- **Problem**
In the records below, the line that contains "NOVA GERAÇÃO DO" marks the start. Copy it and each line after it through the end, exactly, without pictures.

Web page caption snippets
*-*-*
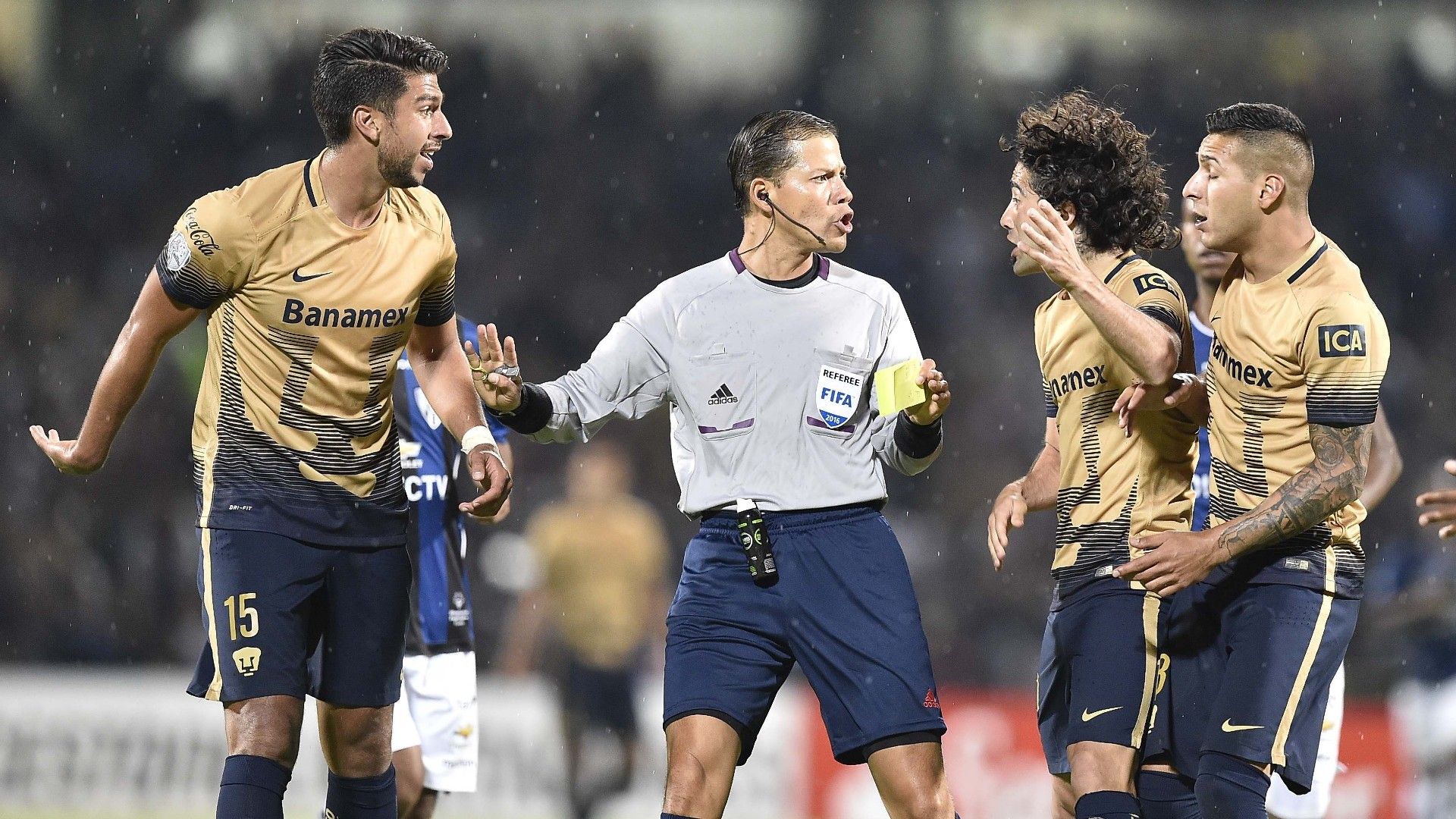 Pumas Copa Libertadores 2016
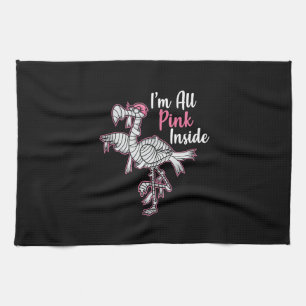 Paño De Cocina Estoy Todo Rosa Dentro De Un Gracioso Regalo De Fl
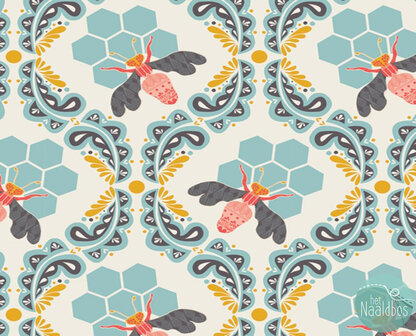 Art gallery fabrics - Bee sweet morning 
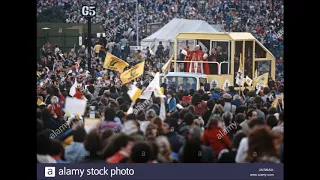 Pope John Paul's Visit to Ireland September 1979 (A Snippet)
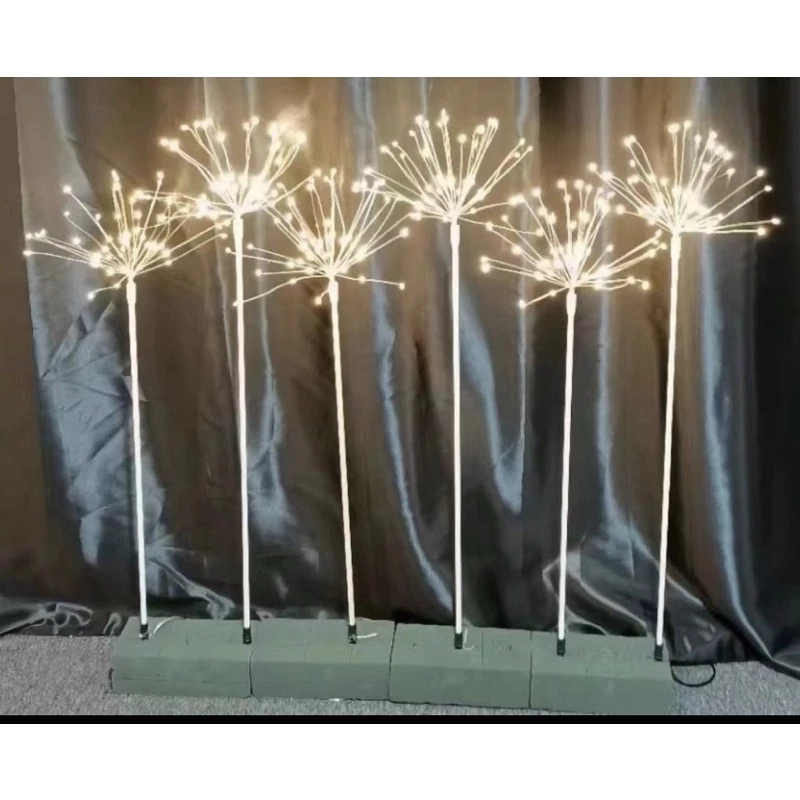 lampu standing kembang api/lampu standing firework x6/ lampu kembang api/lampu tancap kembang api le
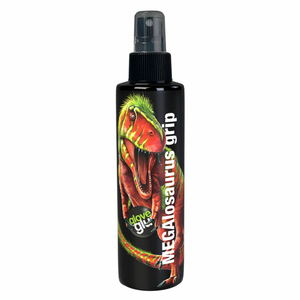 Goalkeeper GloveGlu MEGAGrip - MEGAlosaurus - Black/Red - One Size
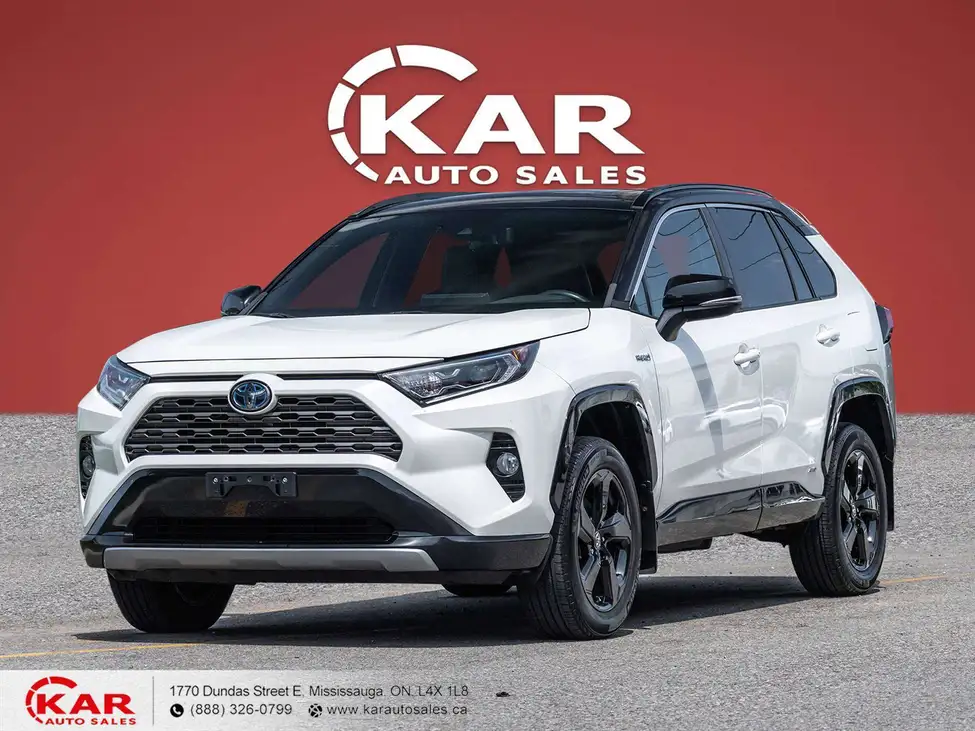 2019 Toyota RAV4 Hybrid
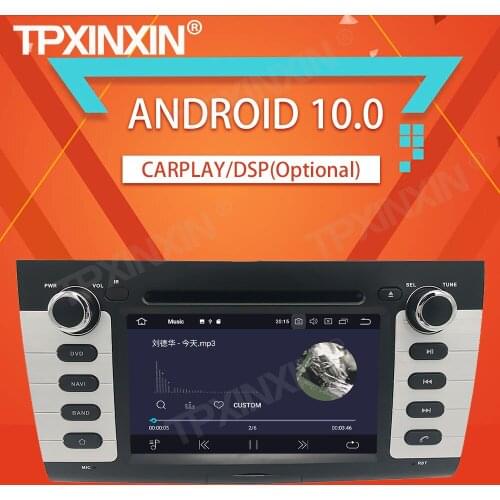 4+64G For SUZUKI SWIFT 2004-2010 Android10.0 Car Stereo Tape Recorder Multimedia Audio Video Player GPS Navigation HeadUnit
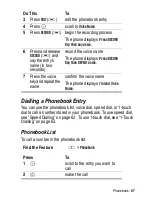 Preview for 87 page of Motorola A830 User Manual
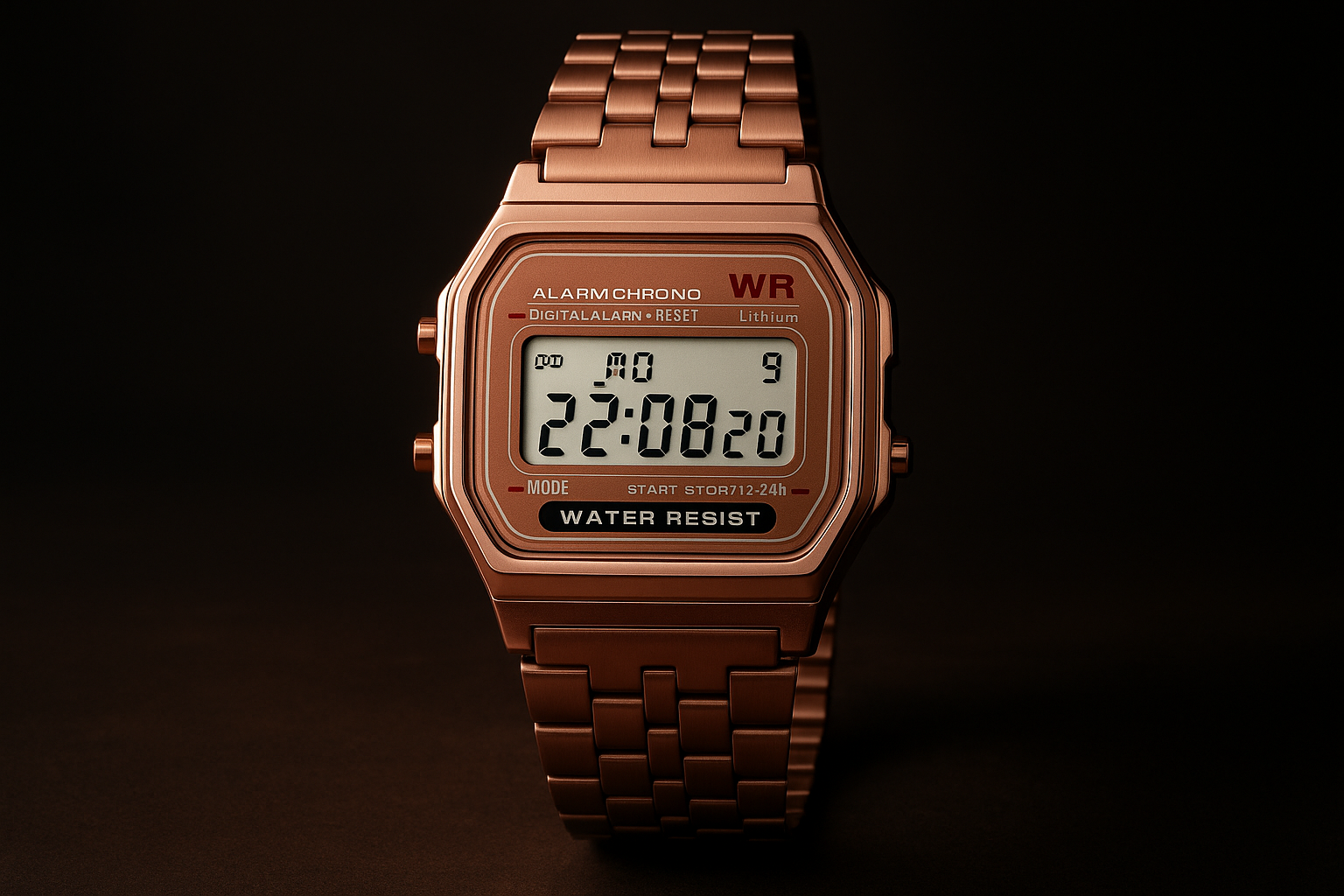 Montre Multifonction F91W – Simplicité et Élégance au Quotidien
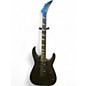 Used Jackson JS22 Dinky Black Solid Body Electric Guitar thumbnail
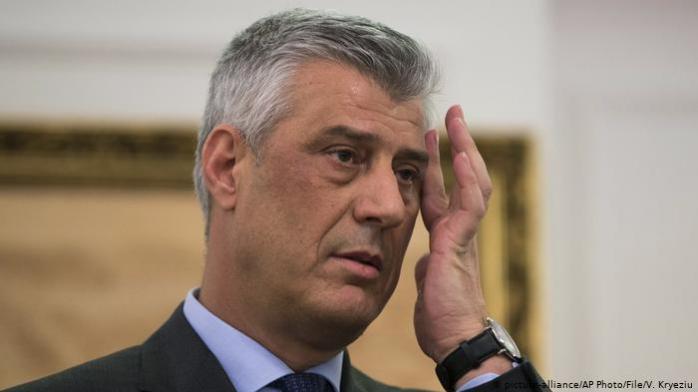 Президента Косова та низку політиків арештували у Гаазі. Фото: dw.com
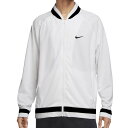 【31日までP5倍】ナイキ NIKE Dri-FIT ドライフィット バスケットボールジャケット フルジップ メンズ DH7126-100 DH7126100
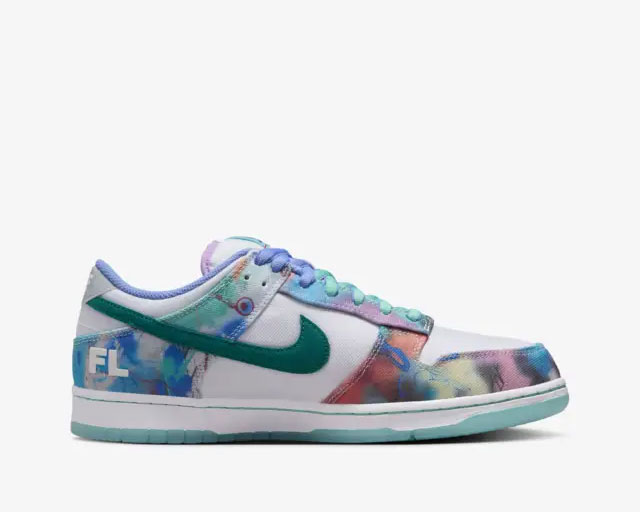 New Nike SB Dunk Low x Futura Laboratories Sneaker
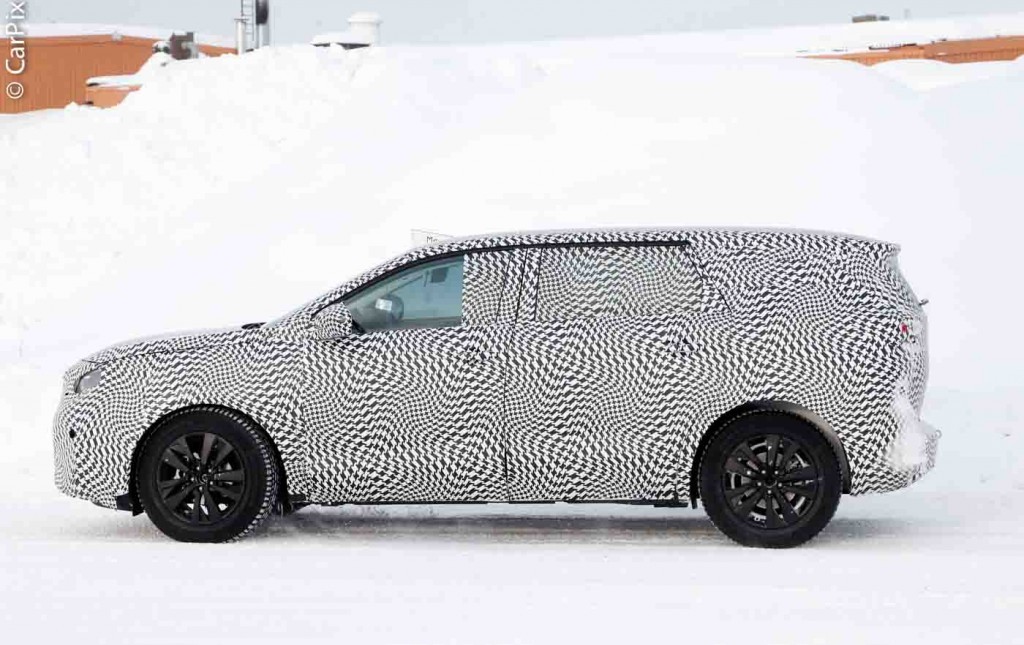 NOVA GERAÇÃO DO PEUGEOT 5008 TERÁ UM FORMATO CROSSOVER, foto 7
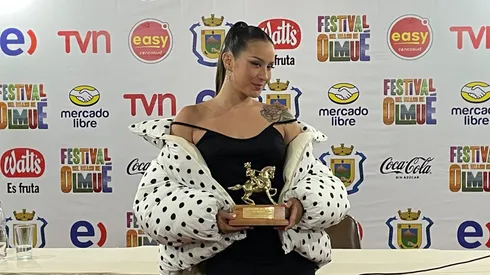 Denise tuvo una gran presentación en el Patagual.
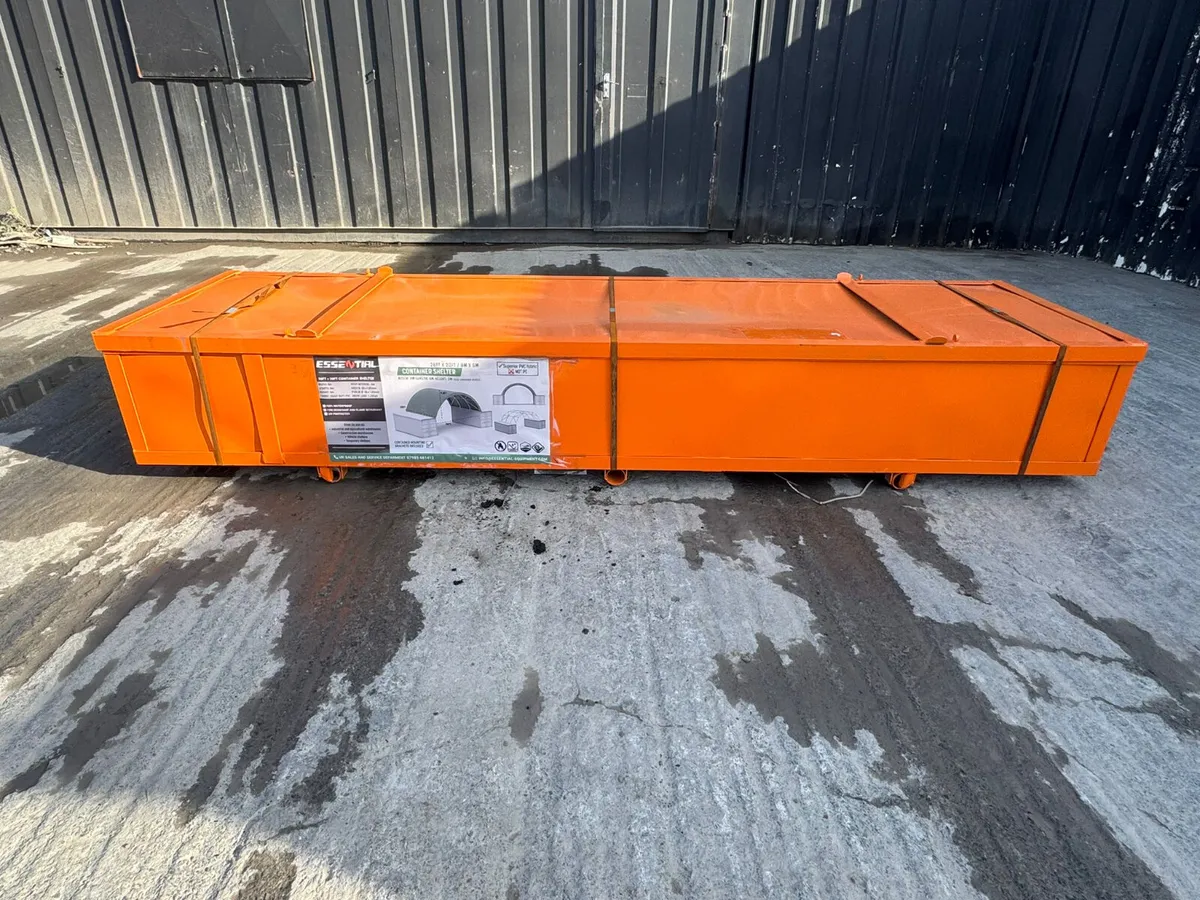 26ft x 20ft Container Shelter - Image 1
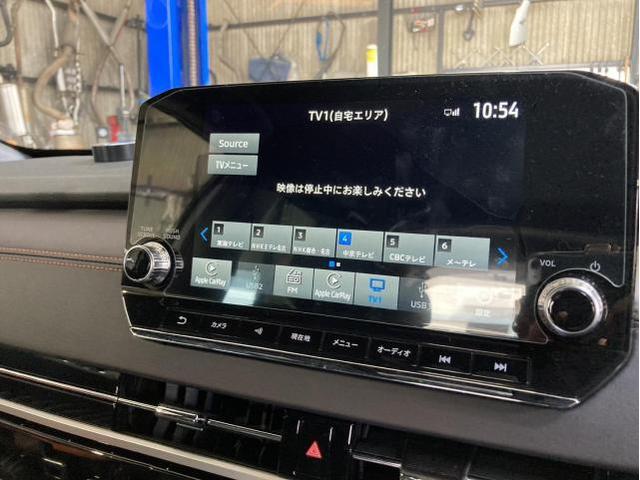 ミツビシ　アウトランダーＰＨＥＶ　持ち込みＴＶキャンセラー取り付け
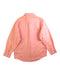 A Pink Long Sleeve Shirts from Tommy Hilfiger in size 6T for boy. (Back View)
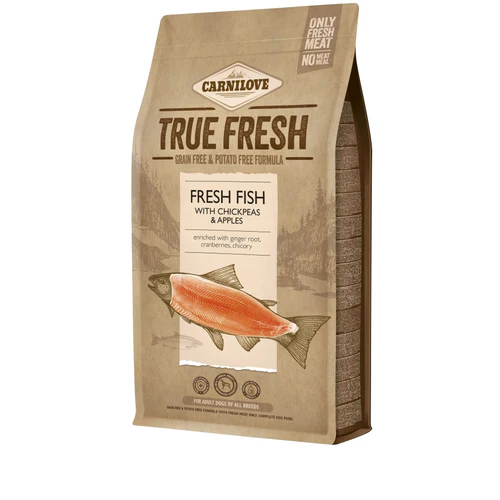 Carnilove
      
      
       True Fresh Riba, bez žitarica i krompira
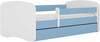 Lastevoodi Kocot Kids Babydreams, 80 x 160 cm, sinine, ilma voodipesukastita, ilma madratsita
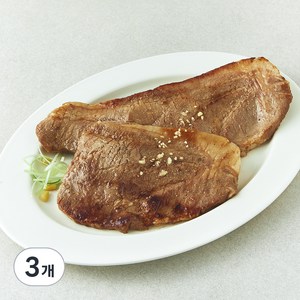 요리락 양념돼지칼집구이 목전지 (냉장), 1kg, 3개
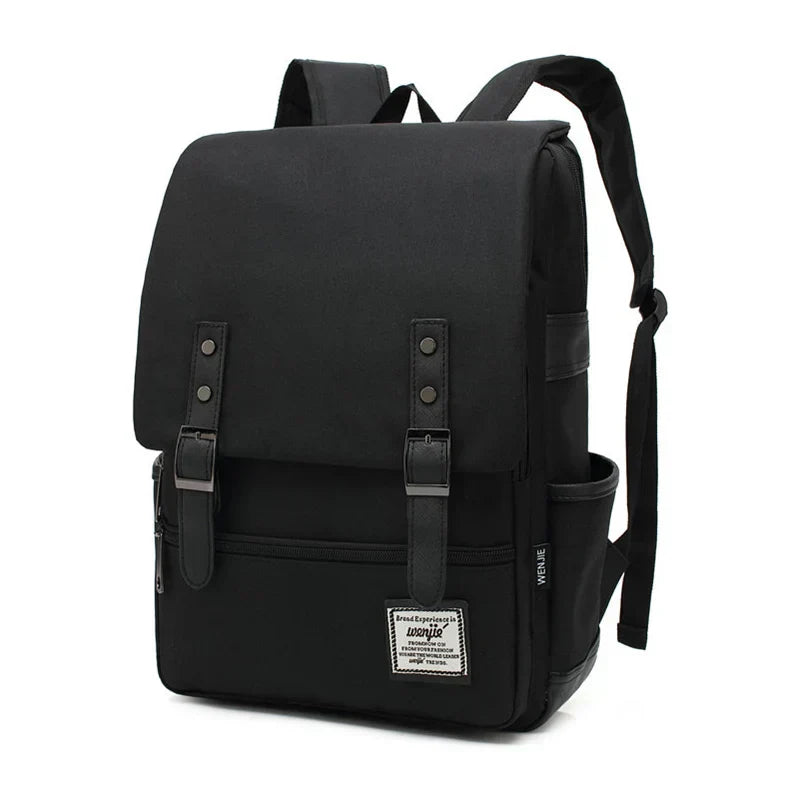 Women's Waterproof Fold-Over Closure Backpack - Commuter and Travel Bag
*-*-*
- **Exercise output**
 NOVA GERAÇÃO DO PEUGEOT 5008 TERÁ UM FORMATO CROSSOVER, foto 7
 Denise tuvo una gran presentación en el Patagual.
 26ft x 20ft Container Shelter - Image 1
 ミツビシ　アウトランダーＰＨＥＶ　持ち込みＴＶキャンセラー取り付け
 A Pink Long Sleeve Shirts from Tommy Hilfiger in size 6T for boy. (Back View)
 Carnilove
      
      
       True Fresh Riba, bez žitarica i krompira
 Lastevoodi Kocot Kids Babydreams, 80 x 160 cm, sinine, ilma voodipesukastita, ilma madratsita
 요리락 양념돼지칼집구이 목전지 (냉장), 1kg, 3개
 Women's Waterproof Fold-Over Closure Backpack - Commuter and Travel Bag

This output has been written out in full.